Former Gardner-Webb University quarterback John Rock sued the National Collegiate Athletic Association in July 2012 and sought a class action challenging the Indianapolis-based governing body’s prohibition of multi-year college athletic scholarships.
Judge Jane Magnus-Stinson of the Southern District of Indiana dismissed the complaint in March, writing that the complaint “reads more like a press release than a legal filing.” Magnus-Stinson granted the NCAA’s motion to dismiss because Rock had failed to identify a relevant market in his antitrust claim.
On Friday, Magnus-Stinson issued an order allowing Rock to amend the complaint by fixing that defect in the original filing.
“(F)or the first time, the proposed complaint challenging the bylaws at issue limits the relevant market to Division I college football and further pleads two subdivisions of that market – the Football Bowl Subdivision (‘FBS’) and the Football Championship Subdivision (‘FCS’),” Magnus-Stinson wrote. “While the Court makes no pronouncement on the sufficiency of the relevant market Mr. Rock now proposes, given the Seventh Circuit’s observation that ‘[i]t is undeniable that a market of some sort is at play in (Agnew v. National Collegiate Athletic Association, 683 F.3d 328, 2012) … the Court cannot conclude that the proposed amendment is futile.
“Justice requires giving Mr. Rock a final chance to amend his complaint,” Magnus-Stinson wrote. “The NCAA must answer or otherwise respond to Mr.
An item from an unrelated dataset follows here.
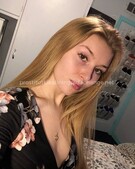 Анкета проститутки Даша - метро Теплый Стан, возраст - 24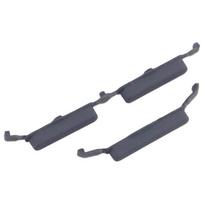 For Lenovo Tab P11 TB-J606F Power Button and Volume Control Button juoda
Rock’s amended complaint.”
Rock claims he was assured a four-year scholarship at Gardner-Webb as long as he remained eligible, but that he lost his athletic scholarship after a coaching change at the North Carolina school.
Seattle-based Hagens Berman LLP brought the lawsuit that was represented locally by Price Waicukauski & Riley LLC. Hagens Berman also filed the Agnew antitrust action, which was dismissed by the 7th Circuit Court of Appeals in September 2011.